Figure 2 depicts the optimal binding positions, interacting amino acids, and related forces for the docking of Hp-$\beta$-CD with $\beta$-LG, $\alpha$-LA, and BSA. According to the docking results, the key amino acid residues involved in the binding of $\beta$-LG, $\alpha$-LA, and BSA with Hp-$\beta$-CD include 14 residues (SER30, SER36, PRO38, ASN109, SER116, GLU114, ASP28, LEU31, LYS60, LYS69, ASN90, ALA86, ASN88, LEU39), 9 residues (ASP46, LYS58, LEU105, GLN54, ASN56, TYR103, SER47, GLU49, TRP104), and 13 residues (ARG196, GLN203, LEU103, TYR147, ASP86, LYS465, GLU464, LYS106, LYS204, SER104, LYS93, CYS101, HIS105), respectively. Among these interactions, hydrogen bonds are the most prevalent. Specifically, SER30, SER36, PRO38, ASN109, SER116, GLU114, ASP28 in $\beta$-LG; ASP46, LYS58, LEU105, GLN54, ASN56, TYR103 in $\alpha$-LA; and ARG196, GLN203, LEU103, TYR147, ASP86, LYS465, GLU464, LYS106 in BSA are able to form hydrogen bonds with Hp-$\beta$-CD. The non-polar cavities within Hp-$\beta$-CD can interact with the hydrophobic residues of proteins [34], while the external hydrophilic portions engage in hydrogen bonding with the amino acid residues on the protein surface. According to the docking results, Hp-$\beta$-CD can spontaneously bind with the three soluble proteins in whey, namely, $\beta$-LG, $\alpha$-LA, and BSA.

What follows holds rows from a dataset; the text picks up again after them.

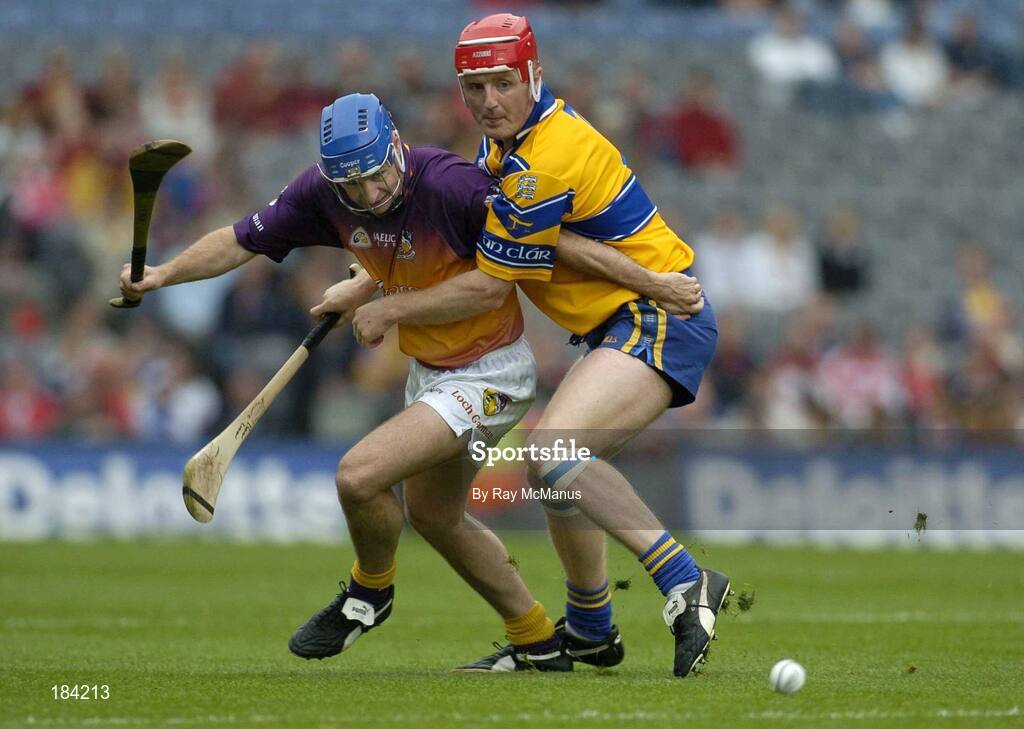 24 July 2005; Michael Jordan, Wexford, is tackled by Brian Lohan, Clare. Guinness All-Ireland Senior Hurling Championship Quarter-Final, Wexford v Clare, Croke Park, Dublin. Picture credit; Ray McManus / SPORTSFILE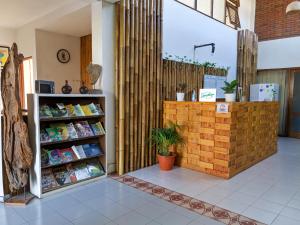 a store with a book shelf and a counter at Griya Jagadhaya in Bantul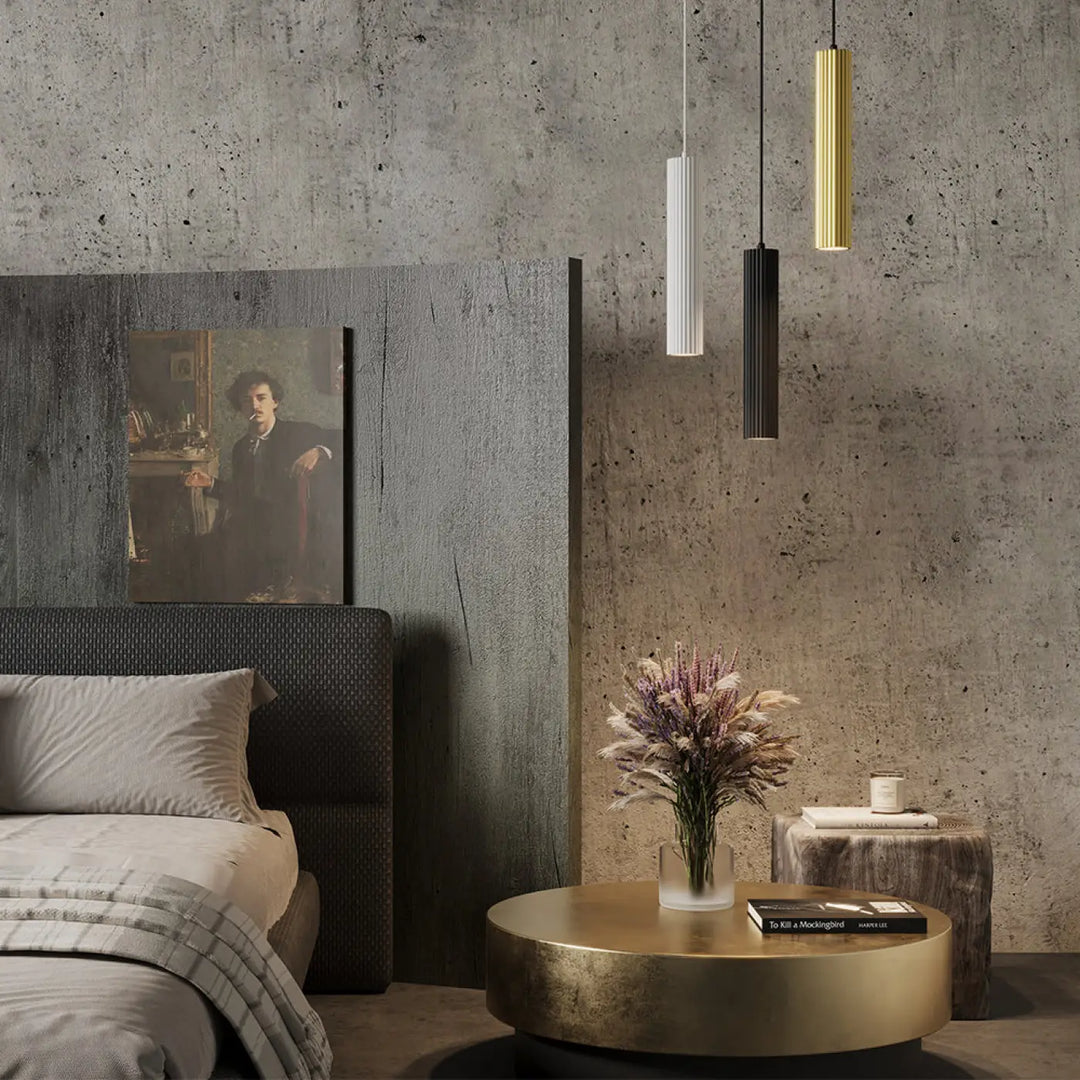 Suspension luminaire calipso tube or doré cylindrique avec texture rainurée suspendue au-dessus d’un îlot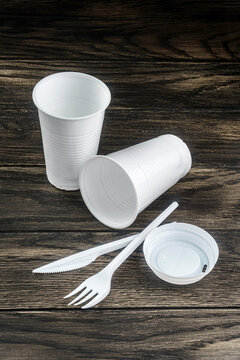 Single-use white plastic items on table. Cups, knife and fork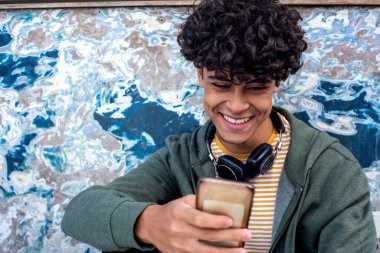 Close up portrait smiling young North African man looking at mobile phone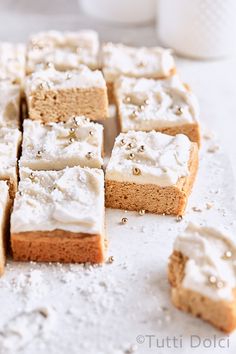 several pieces of cake sitting on top of a white counter next to a cup and saucer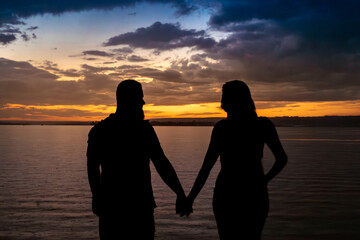 the silhouette of a couple beside a lake in the late afternoon with a blue and yellow gradient sky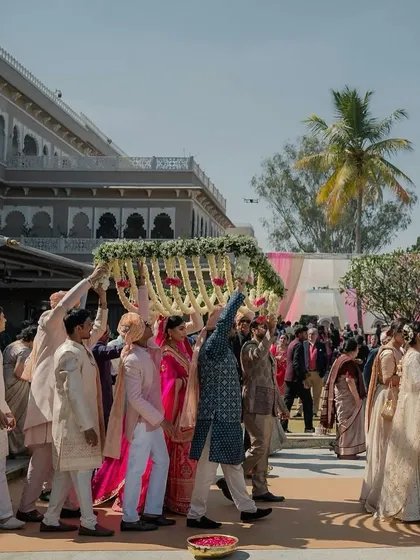 The full view of the bridal entry at a palace wedding in Udaipur, showcasing the scale and energy of the moment.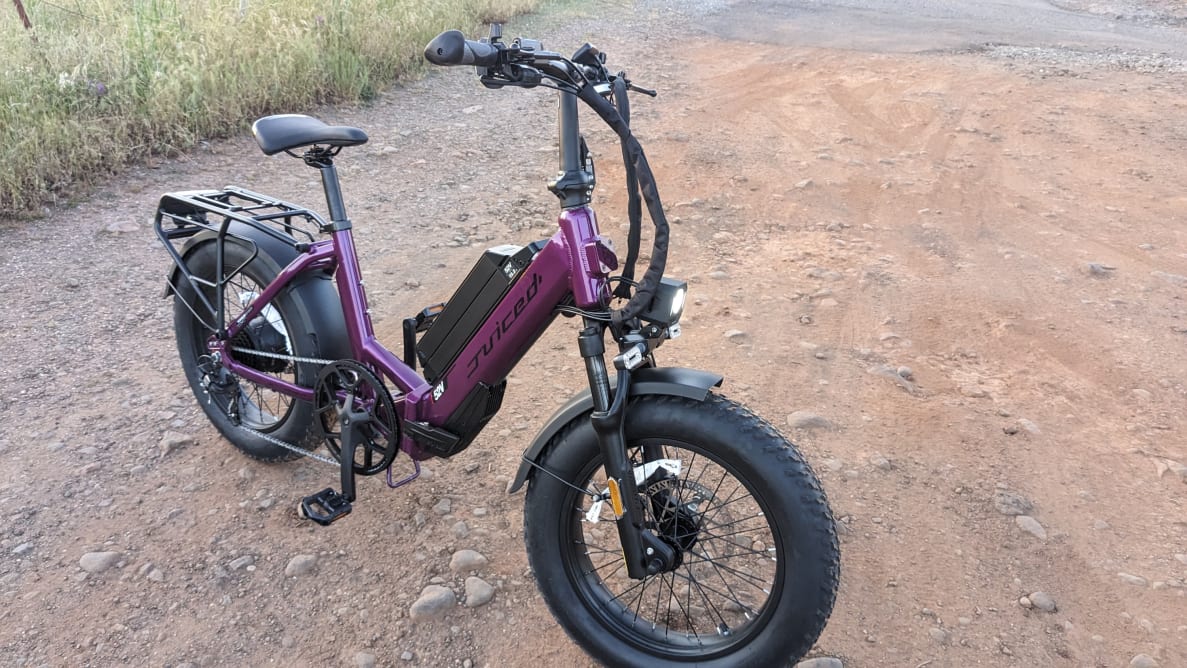 A purple, Juiced JetCurrent Pro e-bike, parked outside on a dirt road.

2.2. Isothermal Titration Calorimetry (ITC)

Isothermal titration calorimetry (ITC) has been widely recognized as the most reliable method for studying molecular interactions in solution and is commonly employed to assess interactions between ligands and large molecules [35]. It is particularly useful for characterizing the interactions between cyclodextrins and guest molecules [36,37,38,39,40,41]. From the ITC of AD with Hp-$\beta$-CD shown in Figure 3a, each peak represents the heat generated from a single titration of the same volume of AD into the Hp-$\beta$-CD solution. Figure 3b is a non-linear fitting plot of AD binding to Hp-$\beta$-CD. It is evident that the reaction heat of the interaction between AD and Hp-$\beta$-CD is positive, with all peaks facing upward, indicating the occurrence of an endothermic reaction. Throughout the titration process, as AD gradually occupies the binding sites on Hp-$\beta$-CD, the endothermic nature of the peak decreases and eventually reaches saturation. Based on the thermodynamic principles and experimental results outlined by Ross et al. [42], the following conclusions can be drawn from the principles of isothermal titration calorimetry: (1) when $\Delta$H > 0 and $\Delta$S > 0, hydrophobic force primarily governs the interaction; (2) when $\Delta$H < 0 and $\Delta$S < 0, van der Waals forces and hydrogen bonding predominantly drive the interaction; (3) when $\Delta$H < 0 and $\Delta$S > 0, electrostatic force mainly drives the interaction; (4) when the enthalpy change is close to zero or relatively small, hydrogen bonding is typically the driving force. The dissociation constant (KD) signifies the binding affinity between molecules, with KD > 10 $\mathsf{\mu }$M indicating low binding affinity, 0.01 $\mathsf{\mu }$M < KD < 10 $\mathsf{\mu }$M indicating moderate binding affinity, and KD < 0.01 $\mathsf{\mu }$M indicating high binding affinity [35]. The N value represents the stoichiometry of the binding, while $\Delta$H, $\Delta$S, and $\Delta$G correspond to enthalpy change, entropy change, and Gibbs free energy, respectively. It is evident from the thermodynamic parameters shown in

Table 1. The thermodynamic parameters of the interactions between AD and Hp-$\beta$-CD and Hp-$\beta$-CD and WPI.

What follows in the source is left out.